Our team had 6 guys, Justin was our designated GC guy.

Stage 1 – Thunderhill Circuit Race

Course was on a different track and the same raceway as last year. Smooth pavement and a few turns that the field had incredible difficulty navigating. Many guys ended up on the grass throughout the race but no crashes. Plan was to keep it together and let Justin crush it in the RR and TT, but since this is the same plan most guys have, nothing was getting away.
Before the race, I noticed my cable was squeaking when I shifted. A teammate said it was likely breaking, but it was a fairly new cable. Turns out my shifter was breaking, and stopped working midrace. Stuck in a decent gear though. I thought the field might hesitate and give a move some leeway with 2 to go, but as I moved up to go for it I saw Justin had the same plan. He and 2 others held it to the line (he got 3rd) and I rolled in midpack.
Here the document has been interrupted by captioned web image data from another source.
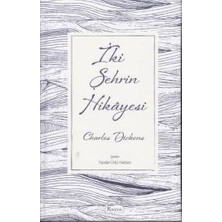 Binbir Göz Kitap Iki Şehrin Hikayesi - Bez Cilt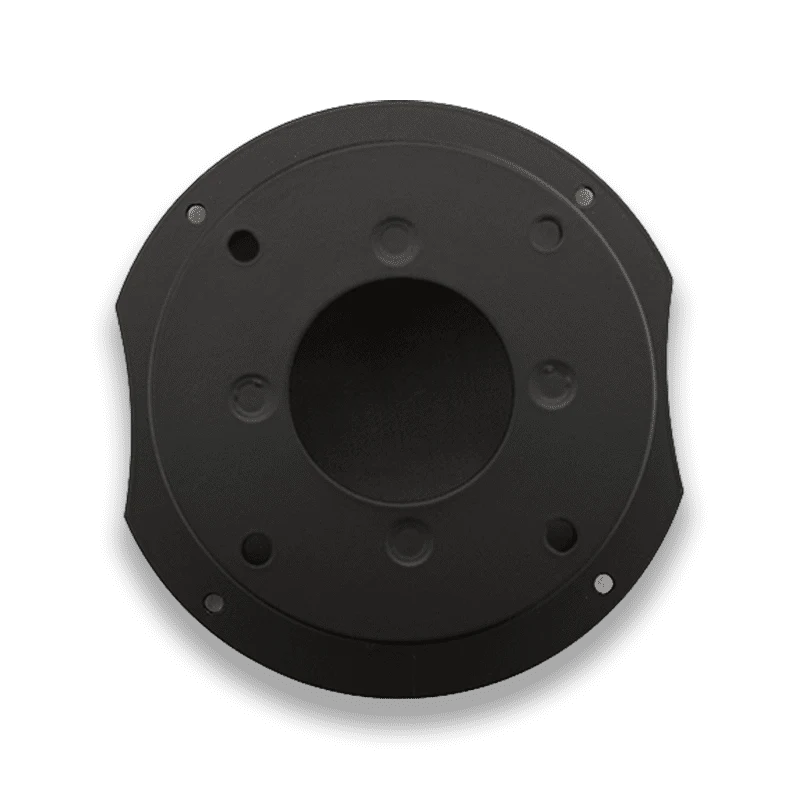 Nemesis Audio HRN-20 2″ Aluminum Bolt-On Pro Audio Horn Throat (Single) Nemesis Audio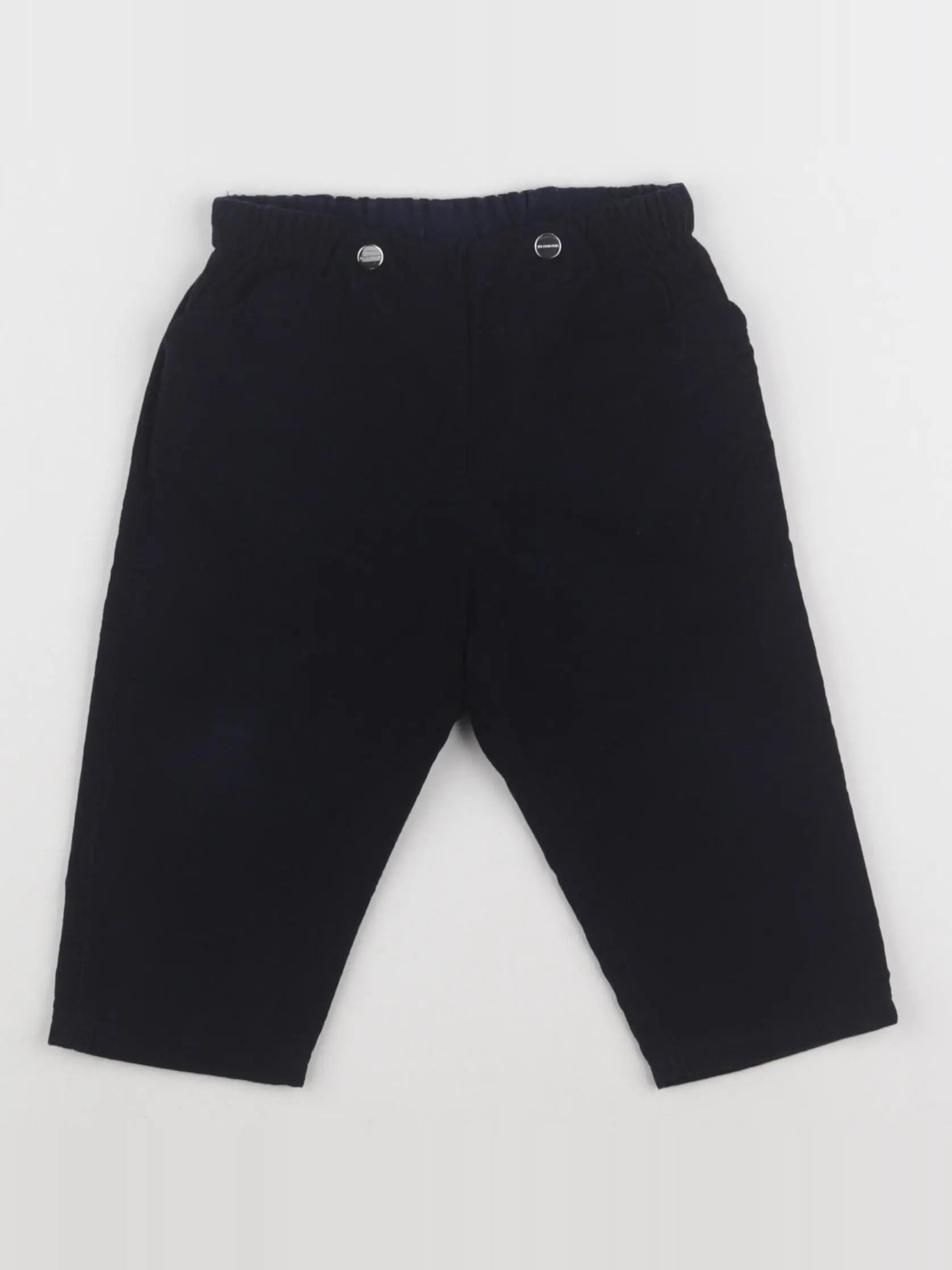 Jacadi - pantalon bleu - 12 mois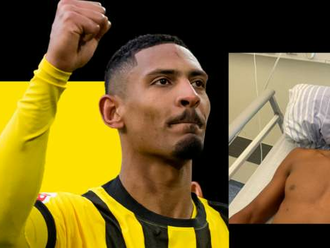 Sebastien Haller: Borussia Dortmund forward on cancer diagnosis and comeback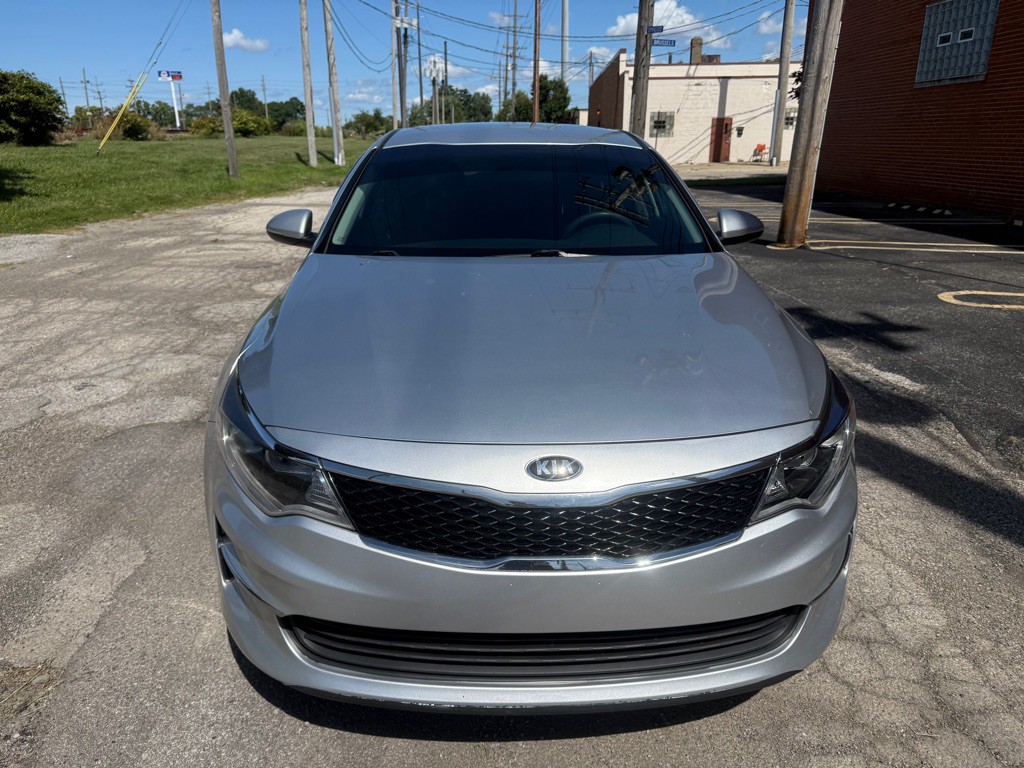 2018 Kia Optima Image 8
Stage 2 – Paskenta Hills Road Race

After the circuit race I went straight to the bike shop. They didn’t have 10 speed ultegra shifters. They had 10 speed 105 but I’d need to buy both. Or they had 11 speed and I’d need to buy both and upgrade components. I figured I’d take the opportunity to go 11 speed. By the time I got back to the Airbnb, showered, changed, went and got dinner with teammates, waited for a teammate to get seconds, got back, waited for another teammate who had tools, and replaced the parts and got to bed it was midnight.

I slept 5 hours and got ready for a 90 mile road race.

2x45 mile laps with wind, rolling hills, and a few miles of decently packed gravel near the end.

I sat at the back for a while. Pace picks up and already a couple miles in 2 guys popped off in quite mild crosswind. Turned to the tailwind and it really takes off. Fast pace, occasionally difficult even on the fairly flat terrain. Hit a few rollers and guys are hurting. Someone threw a vest or jacket in the feedzone causing a crash and our GC guy went down right on his face and had to drop out. Another teammate stopped and escorted him to the hospital for stitches. The pace skyrocketed after the crash, splitting the field for a while. Many caught back on and many didn’t.

The gravel this year wasn’t bad at all, but I did lose a bottle. I had diligently been drinking equal amounts from each bottle in anticipation of this and only lost ~175 calories to the gravel. We climbed to the finish area, a few guys sprinted for bonus points (the tech guide didn’t mention this but they told us at the start that we had a bonus sprint so whatever). After a few attacks, 40 miles to go, I sensed the pack would be willing to chill for a while so I attacked seated and they let me go.

Rode tempo for a bit waiting, got just enough of a gap that the eventual flurry to chase didn’t quite make it but a small group did. 5 of us started rotating, one guy dropped out and 4 of us picked up a minute on the field.

Unfortunately I was hurting, and watching my power I realized I should NOT have been suffering so much. The lack of sleep caught up with me too soon. I had to sit on and suffered the scorn of 2 of my breakmates instead. Finally at mile 76, I blew up completely. What was left of the pack sped by, eventually caught my breakmates, and I slogged in a long ways back. That was upsetting, knowing that on a good day I’d have had the energy to help drive the break and we may have had a half chance of staying away.

Stage 3 – River Road Time Trial

I was really beat up after the road race and previous night, slept almost ten hours, but that wasn’t enough to be mentally motivated or physically recovered enough for the 8 mile, out and back TT. Rode with clip-on bars in the 35 degree cold at a pathetic 24 mph, 267 watts (85% ftp)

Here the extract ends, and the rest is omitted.